Quelques semaines après, le résultat tombe : Abou Ibrahim al-Hachimi al-Qourachi, « émir » de l’EI, « a choisi de se faire exploser », tuant ainsi sa famille, a déclaré le président Joe Biden, jeudi, en se félicitant du succès de cette opération qu’il a suivie de bout en bout depuis la « situation room » de la Maison-Blanche. Selon l’organisation des casques blancs syriens, treize civils ont été tués au cours de l’opération. Du côté américain, on attribue l’entière responsabilité de ces pertes à l’attitude du leader de l’EI. Le président Joe Biden a qualifié le suicide de Quraishi de « dernier acte de lâcheté désespérée ». Pourtant, le raid des forces spéciales américaines avait été préparé pendant des semaines pour éviter un scénario sanglant.

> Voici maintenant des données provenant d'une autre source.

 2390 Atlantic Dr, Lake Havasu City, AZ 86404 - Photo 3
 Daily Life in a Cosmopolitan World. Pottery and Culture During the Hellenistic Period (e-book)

L’objectif était simple : tenter d’éviter le plus possible les victimes civiles et épargner les femmes et les enfants. 

Mardi, le ministre de la Défense Lloyd Austin et le chef d’état-major, le général Mark Milley, informent Joe Biden des détails de l’opération à l’aide d’une maquette de la maison où se cache al-Qourachi. Une frappe de drone est exclue à cause de la présence de nombreux enfants dans le petit immeuble de trois niveaux où le chef de l’EI vit avec sa famille au deuxième étage. « Sachant que ce terroriste avait choisi de s’entourer de familles, y compris des enfants, nous avons fait le choix de poursuivre un raid des forces spéciales à un risque beaucoup plus grand pour notre propre peuple plutôt que de le cibler avec une frappe aérienne », a déclaré Joe Biden jeudi matin. Ce dernier est « très imprégné des détails opérationnels » après des mois de planification, a déclaré un haut responsable de l’administration au micro de CNN. Il s’est engagé dans un « échange constant » avec ses commandants militaires.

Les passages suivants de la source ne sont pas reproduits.